Erick Zonca riadatta il best seller The missing file di Dror Mishani e porta al cinema un thriller dalle tinte noir che ha per oggetto i giovani e il rapporto padri-figli. Emerge la figura di un uomo, Francois Visconti, combattuto ed eternamente in lotta: il ruolo istituzionale e il vissuto burrascoso sono spesso in contrasto, in particolar modo se c’è da indagare sulla scomparsa di un ragazzo. Allora può capitare che lavoro e famiglia si sovrappongano, con un prezzo troppo alto da pagare.

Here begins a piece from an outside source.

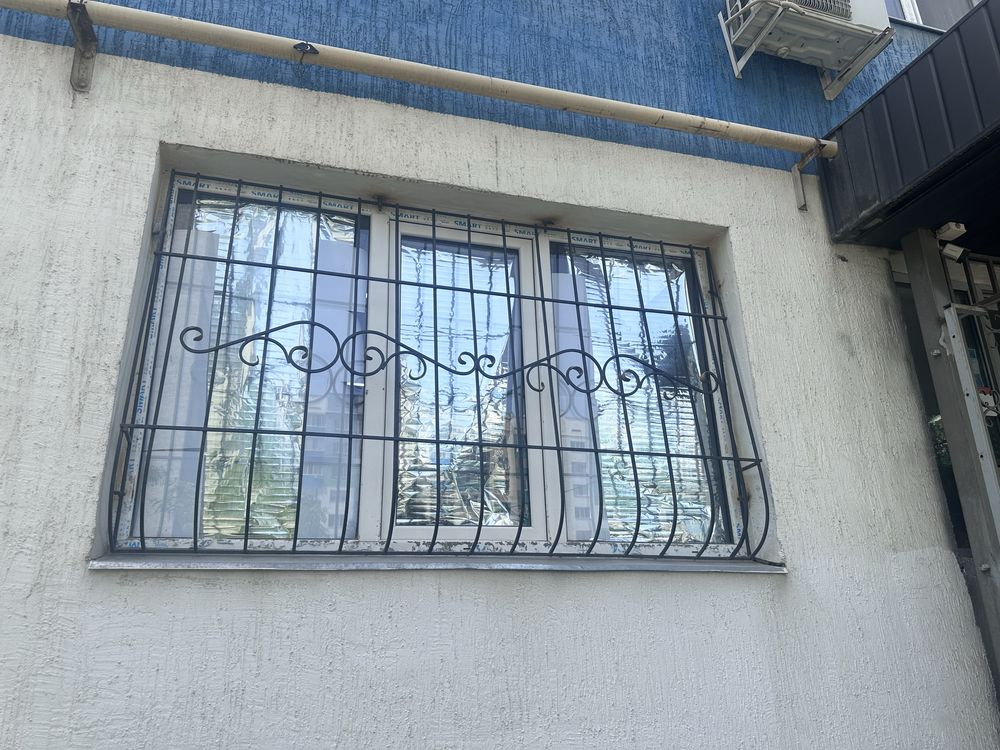 Окна б/у в отличном состояний, 4 окна, 1 дверь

Black tide mescola affetti e nemici con parsimonia, fino a comporre una tela ben organizzata che convince lo spettatore col giusto grado di pathos e tensione. Vincent Cassel restituisce in maniera pregevole le paturnie e i demoni di Visconti, assicurando il ritratto di un uomo disperato. Sporco, alcolista, maleducato.


Black tide, grazie alla struttura a incastro, riesce a toccare più di un tema: si passa dall’omosessualità all’incesto, sviscerando il sesso nei suoi lati più torbidi senza calcare troppo la mano. Quel che resta è l’angoscia e l’intrigo che presta il fianco alla violenza, affatto smodata, piuttosto calibrata a seconda dei livelli nell’intreccio narrativo. Valore aggiunto è la fotografia di Paolo Carnera, che ha già firmato progetti importanti, tra cui Gomorra - La serie.


L’opera è un insieme di scelte azzeccate, leggermente trascurata nel montaggio, ma non per questo meno godibile. Non può dirsi adatta a ciascun tipo di pubblico, in quanto – concettualmente e tecnicamente – il thriller francese sta percorrendo una strada particolare: si preferisce puntare sull’irriverenza dei dettagli piuttosto che sulla cruentezza dei gesti violenti. Una scazzottata fine a se stessa non porta a nulla, Zonca vuole indagare e restituire il degrado e l’indolenza di determinate vicende. Allora gli ambienti, le situazioni, i risvolti psicologici dietro a ogni azione divengono fondamentali. Un eterno gioco delle parti dove nessuno è infallibile, preponderante è l’assenza di eroi contrapposta alla ricerca di verità: l’essenziale sta nell’umanità piuttosto che nella virtù. E gli umani sono, il più delle volte, fallibili. Black tide è l’epopea dell’insolvenza umana che cerca riscatto ripartendo dalla quotidianità. Tutto infarcito con l’incalzante ritmo delle storie avvincenti, in cui ogni sparo diventa l’anticamera di una disfatta.